** TASK DESCRIPTION **
Set out exactly, line by line, the stretch of data below that begins at the line containing "7 Buker St, Nashua, NH, 03064-2025" and ends at the line containing "LEGO Botanicals 30701", with both ends kept.

** RECORDS PROVIDED **

BEGIN

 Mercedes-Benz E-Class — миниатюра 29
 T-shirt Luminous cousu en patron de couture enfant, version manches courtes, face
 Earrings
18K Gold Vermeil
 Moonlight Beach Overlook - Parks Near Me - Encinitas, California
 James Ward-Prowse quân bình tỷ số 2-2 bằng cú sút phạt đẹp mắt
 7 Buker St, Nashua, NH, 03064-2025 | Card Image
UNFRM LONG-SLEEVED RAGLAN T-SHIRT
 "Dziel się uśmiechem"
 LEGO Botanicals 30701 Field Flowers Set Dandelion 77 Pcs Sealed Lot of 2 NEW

END
BEGIN

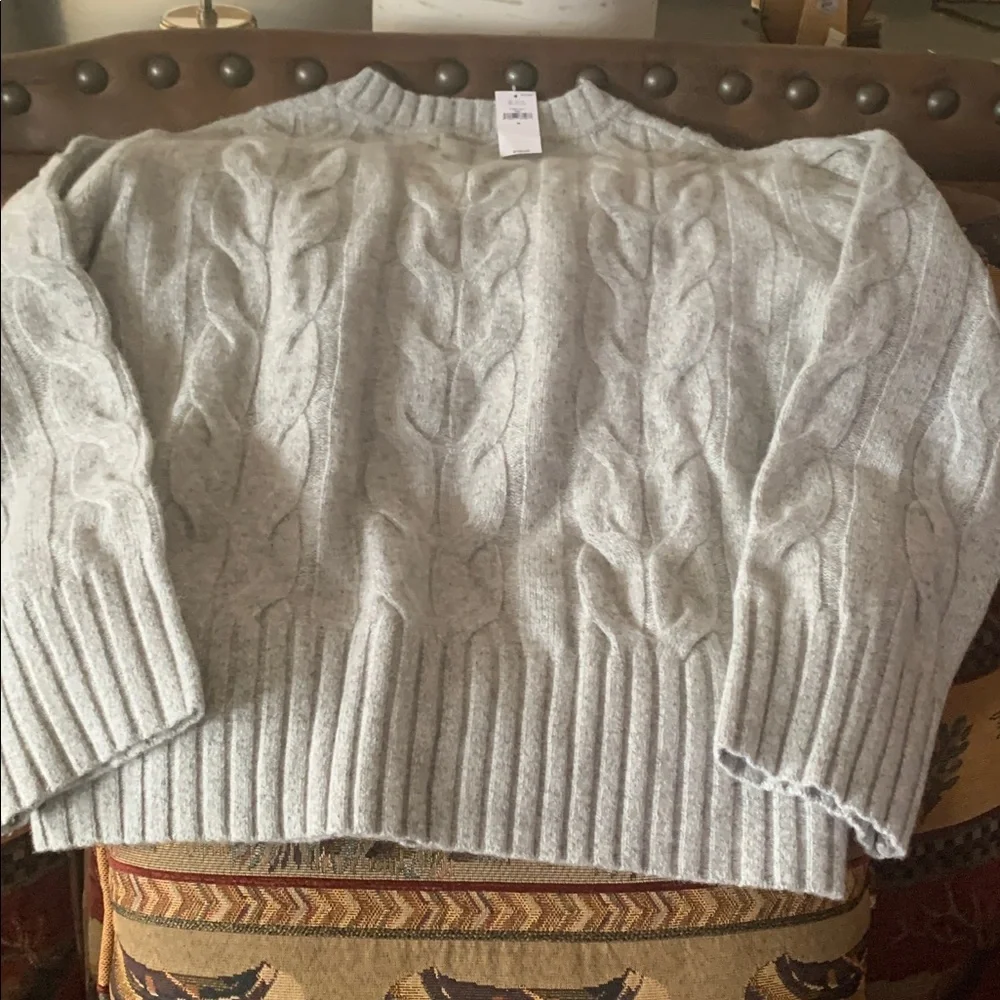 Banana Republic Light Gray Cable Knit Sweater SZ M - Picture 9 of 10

END

** YOUR SOLUTION **
 7 Buker St, Nashua, NH, 03064-2025 | Card Image
UNFRM LONG-SLEEVED RAGLAN T-SHIRT
 "Dziel się uśmiechem"
 LEGO Botanicals 30701 Field Flowers Set Dandelion 77 Pcs Sealed Lot of 2 NEW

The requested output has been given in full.